À l’exemple des autres ordres religieux de la Nouvelle-France, les Récollets sentent donc le besoin de s’adjoindre quelques sujets ayant une ouverture aux langues amérindiennes, afin de mieux répondre aux exigences du ministère exercé auprès des Autochtones, notamment à Détroit où, depuis 1702, la province de Saint-Denys assure la desserte spirituelle de la population française et des Amérindiens qui gravitent autour du fort. Si aucun document ne permet de valider l’hypothèse voulant que le père Bonaventure Liénard ait justement été admis chez les Récollets en raison de son ouverture culturelle aux Amérindiens, il n’en demeure pas moins que sa capacité à acquérir rapidement les rudiments d’une de leurs langues suggère qu’il en avait déjà pris une certaine teinture, longtemps avant son entrée au noviciat.
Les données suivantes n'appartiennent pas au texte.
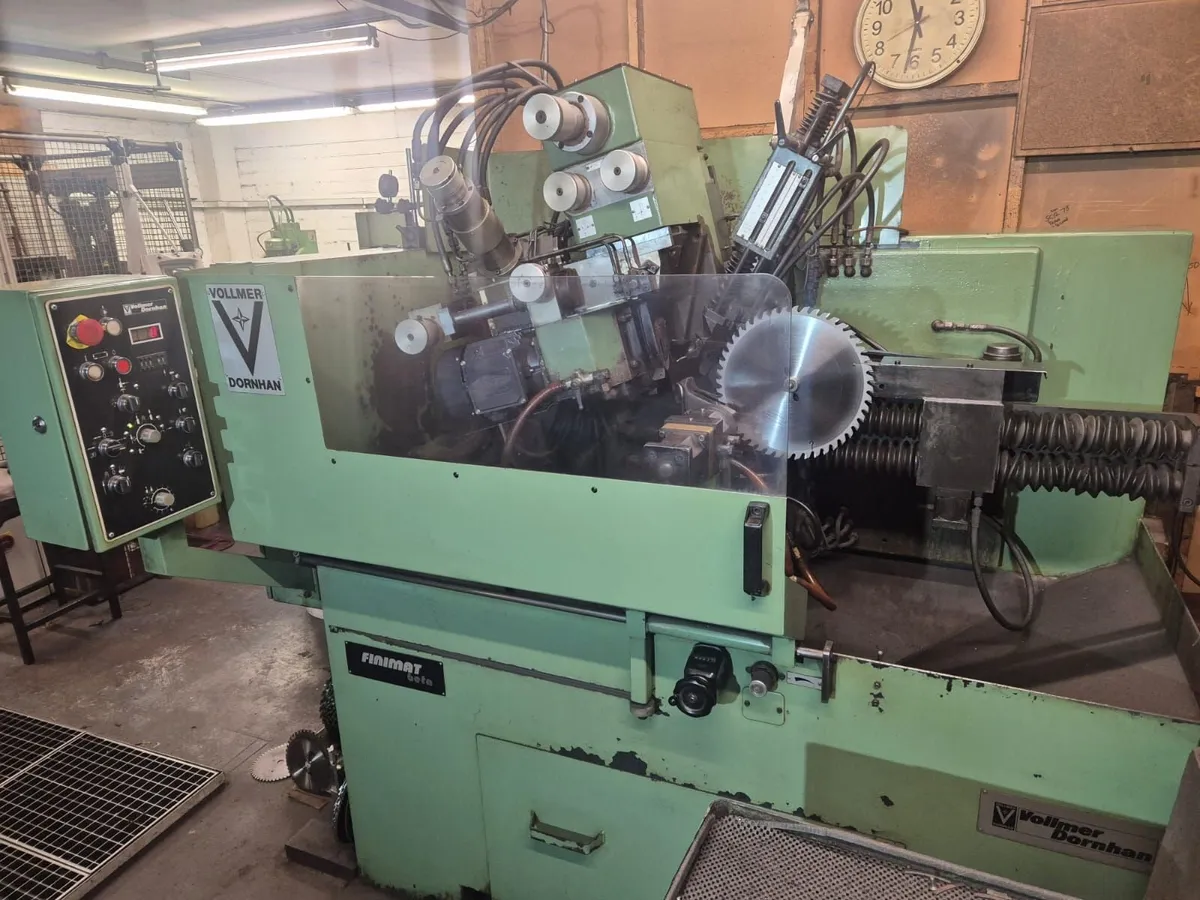 Vollmer Beta Saw Sharpening Machine - Image 4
En effet, soit seulement huit ans après son installation à Détroit, le père Bonaventure Liénard s’exprime aisément dans la langue de ses ouailles, selon un confrère qui le visite (Crespel 1757 : 45-47). Cela peut paraître long pour le lecteur, mais en réalité c’est peu, si l’on compte que des linguistes aussi chevronnés que pouvaient l’être les missionnaires Sébastien Rasles, Joseph Aubery et Pierre Maillard ont mis quelque dix années avant de pouvoir bien pénétrer les langues abénaquise et micmaque, à l’étude desquelles ils avaient consacré une part importante de leur temps, comme le prouvent leurs travaux manuscrits (Morin 2018 : 496-497)[5].

Fait digne de mention au regard de notre sujet, ce récollet aux origines maternelles abénaquises prendra sur lui de faire oeuvre civilisatrice, en francisant à son tour quelques garçons amérindiens, reconduisant ainsi d’une génération à l’autre les mêmes valeurs d’éducation qu’avaient autrefois portées les politiques de francisation et d’alphabétisation des Autochtones dans les établissements de la vallée laurentienne. Lors de sa visite de Détroit en 1728, le père Emmanuel Crespel, découvre ainsi avec satisfaction que le père Bonaventure « avoit poussé la complaisance envers quelques habitans du Détroit, jusqu’à leur apprendre la langue Françoise » (Crespel 1757 : 45-47). Parmi les garçons amérindiens ainsi instruits par le récollet, on rencontre Charles-Nicolas, petit esclave supposément panis, baptisé le 14 mars 1733 à l’âge 9 ou 10 ans (Jouve et al. 1996 : 600-606). Affranchi par son maître, puis fait bedeau à l’église paroissiale de Sainte-Anne de Détroit, ce Charles-Nicolas, qui sera surtout connu sous le surnom de « Charlot », réapparaît à quelques reprises dans la correspondance. Un document de l’administration coloniale française qui qualifie Charlot de « Sauvage francisé et élevé dans la religion catholique[6] » montre que les individus passés par la francisation, institutionnelle ou non, ont revêtu au fil du temps une identité nouvelle marquée par la transition culturelle et désormais tout orientée vers la médiation au sein de leurs communautés. À propos des petits francisés du père Bonaventure Liénard, le père Crespel conclut : « Parmi ceux-là, j’en ai vû plusieurs dont le sens droit et le jugement solide et profond auroient fait des hommes admirables, même en France, si leur esprit avoit été cultivé par l’étude. » (Crespel 1757 : 46, 211)

Conclusion

Si Pierre Liénard et Jean-Baptiste Liénard ne constituent qu’une seule et même personne, celui que nous nommons ici Pierre-Jean-Baptiste Liénard dit Durbois, et qui deviendra le père Bonaventure Liénard, n’aurait donc pas eu 23 ans au moment de l’émission de ses voeux en 1693, mais plutôt 32 ans, si l’on situe sa naissance vers 1683. S’agissant d’une vocation tardive, l’admission au noviciat ne pouvait alors se justifier que par d’éminentes qualités que les supérieurs espéraient mettre à profit dans le développement des oeuvres missionnaires de l’ordre franciscain en Nouvelle-France. Seule la découverte de nouvelles pièces d’archives permettra de valider ces hypothèses et de mieux comprendre l’itinéraire de vie de cet individu depuis la côte Saint-François-Xavier de Sillery jusqu’au Pays d’en Haut. Au terme de cette enquête, une chose demeure : seule la micro-histoire et l’approfondissement des trajectoires individuelles nous permettent aujourd’hui de nous engager dans les méandres de la cohabitation franco-amérindienne afin de prendre toute la nuance de la négociation identitaire à laquelle les acteurs en présence ont été conviés au cours de leur existence.